The German magazine, Spiegel, has run an article that truly surprised me. It details the concerns that many European governments have regarding the outcome of the US national election on 3 November. The fear among some of those governments is that President Trump may prematurely declare victory on the basis of incomplete returns that give him a lead after the polls close. We tend to think of the politics of deciding an election is a purely internal matter, but the Spiegel article suggests ways that foreign governments may interfere with the domestic vote-counting.

“One could imagine a scenario in which Brazilian President Jair Bolsonaro rushes to congratulate the ‘re-elected’ U.S. president on election night, followed by Saudi crown prince Mohammed bin Salman, North Korean dictator Kim Jong Un and maybe even Russian President Vladimir Putin. Soon, though, the first congratulations from Europe might find their way to the White House, from Hungarian Prime Minister Viktor Orbán, for example, or his Polish counterpart Mateusz Morawiecki.

“Should a constitutional crisis in fact develop in the United States following the election, there are widespread concerns in Europe that the EU could once again be deeply divided.”

What I had neglected to remember is that international recognition makes a real difference in the legalities associated with the legitimacy of a government. Generally speaking, states grant international recognition on the basis of an assessment on whether a government effectively controls the population within its established borders.
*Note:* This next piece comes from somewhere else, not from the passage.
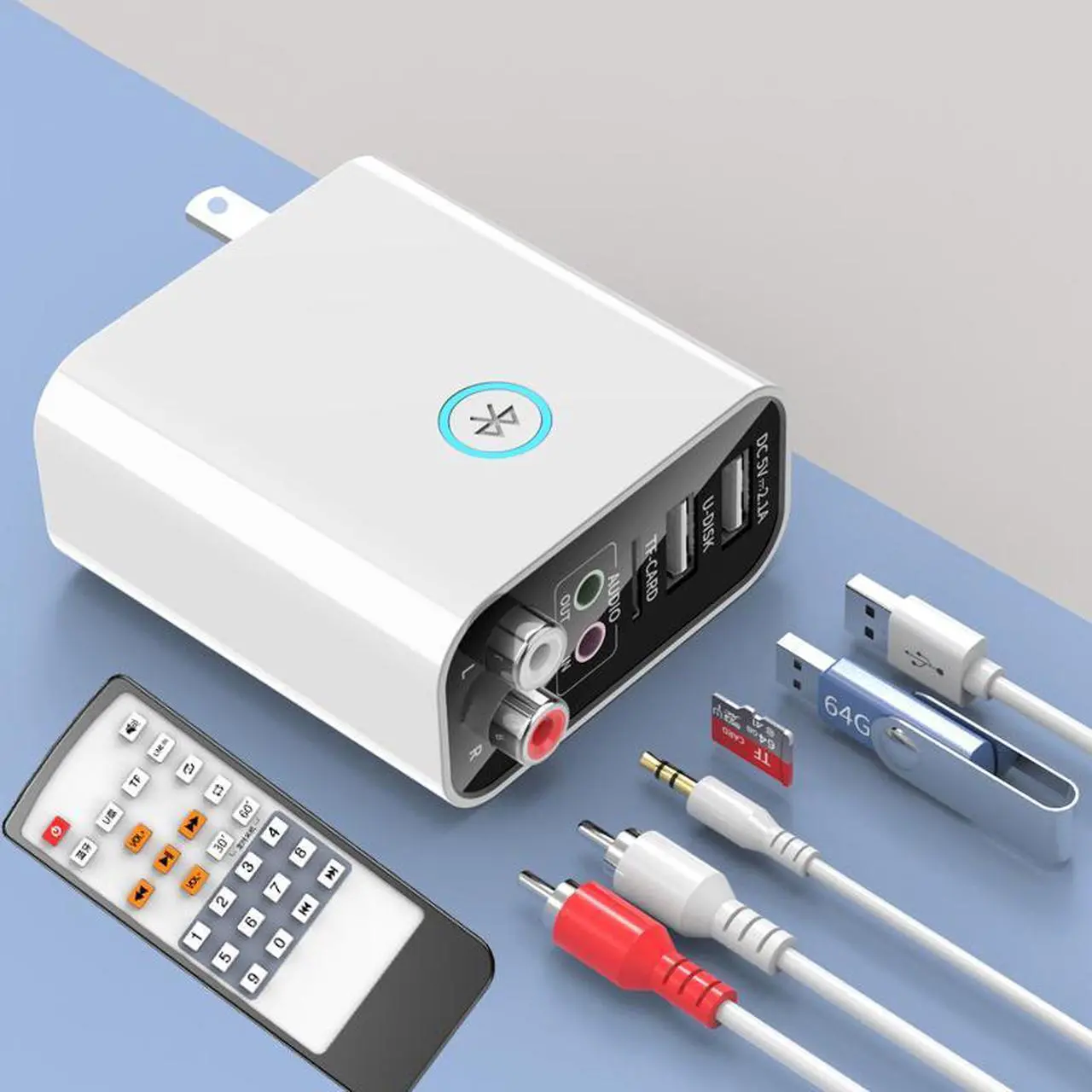 Alt view image 2 of 7 - 2 In 1 Bluetooth 5.0 Receiver Transmitter 3.5mm Aux L/R RCA Wireless Audio Adapter U Disk/TF Play Support APP Control USB Charger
But there are many examples of states granting recognition to governments that fail this essential test. One need only remember the long period between 1949 and 1971 when the US insisted that Taiwan was the legitimate government of China despite the overwhelming evidence that the Communist Party in Beijing was actually the government in control of the population of China. We need to remember that in international law elections constitute only partial evidence that a government should be recognized. There are many dictatorships and monarchies in the world in which elections play no role whatsoever.

Americans should also remember that in the election of 2000, the Supreme Court ordered the election recount in Florida stopped, even though elections are traditionally regarded as state, and not Federal, activities.
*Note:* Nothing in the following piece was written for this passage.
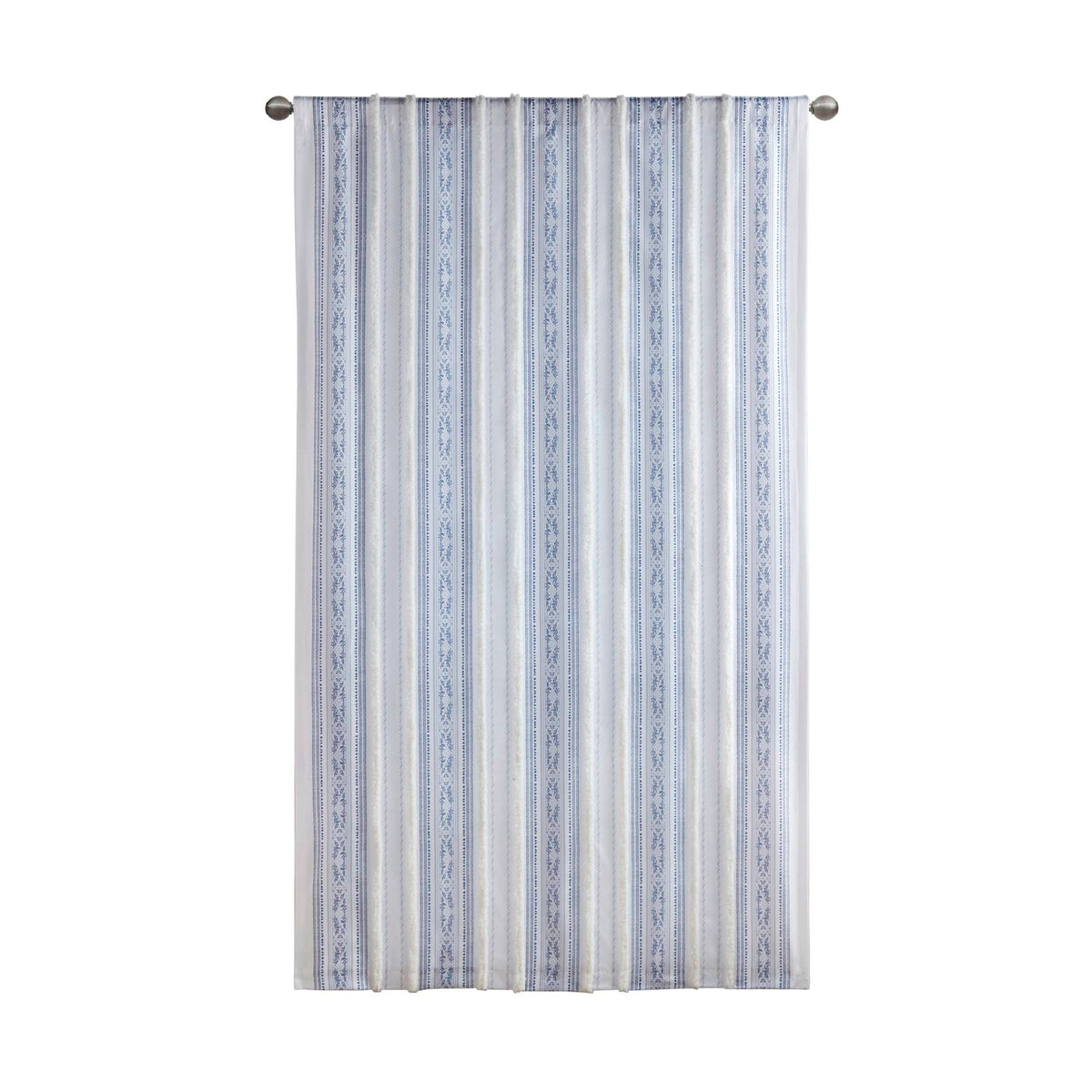 Madison Park Poly Printed Curtain Panel with Tufted Stripe and Lining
“The Supreme Court effectively handed the presidential election to George W. Bush tonight, overturning the Florida Supreme Court and ruling by a vote of 5 to 4 that there could be no further counting of Florida’s disputed presidential votes.

“The ruling came after a long and tense day of waiting at 10 p.m., just two hours before the Dec. 12 ‘safe harbor’ for immunizing a state’s electors from challenge in Congress was to come to an end. The unsigned majority opinion said it was the immediacy of this deadline that made it impossible to come up with a way of counting the votes that could both meet ‘minimal constitutional standards’ and be accomplished within the deadline.
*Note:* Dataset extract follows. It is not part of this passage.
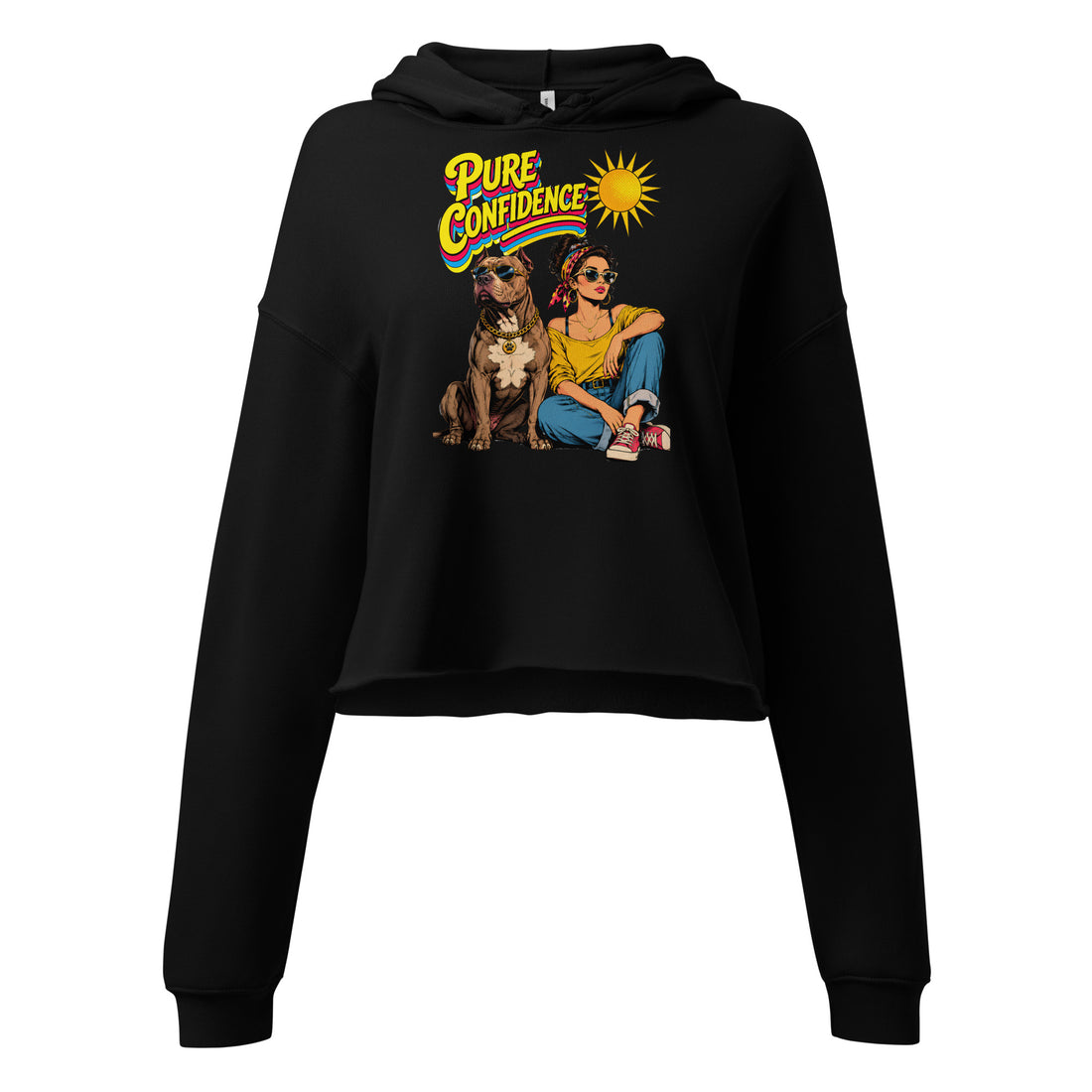 Pure Confidence Cropped Hoodie For Pitbull Lovers Retro Pullover by printfluence.net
“The five members of the majority were Chief Justice William H. Rehnquist and Justices Sandra Day O’Connor, Antonin Scalia, Anthony M. Kennedy and Clarence Thomas.

“Among the four dissenters, two justices, Stephen G. Breyer and David H. Souter, agreed with the majority that the varying standards in different Florida counties for counting the punch-card ballots presented problems of both due process and equal protection. But unlike the majority, these justices said the answer should be not to shut the recount down, but to extend it until the Dec. 18 date for the meeting of the Electoral College.”

The pressures from international governments who might prematurely recognize President Trump as the victor would only complicate the process of sorting out all the ambiguities of a contested election. And I have no doubts that some leaders, such as Russian President Putin, would hesitate to do everything possible to make the outcome as messy and ambiguous as possible.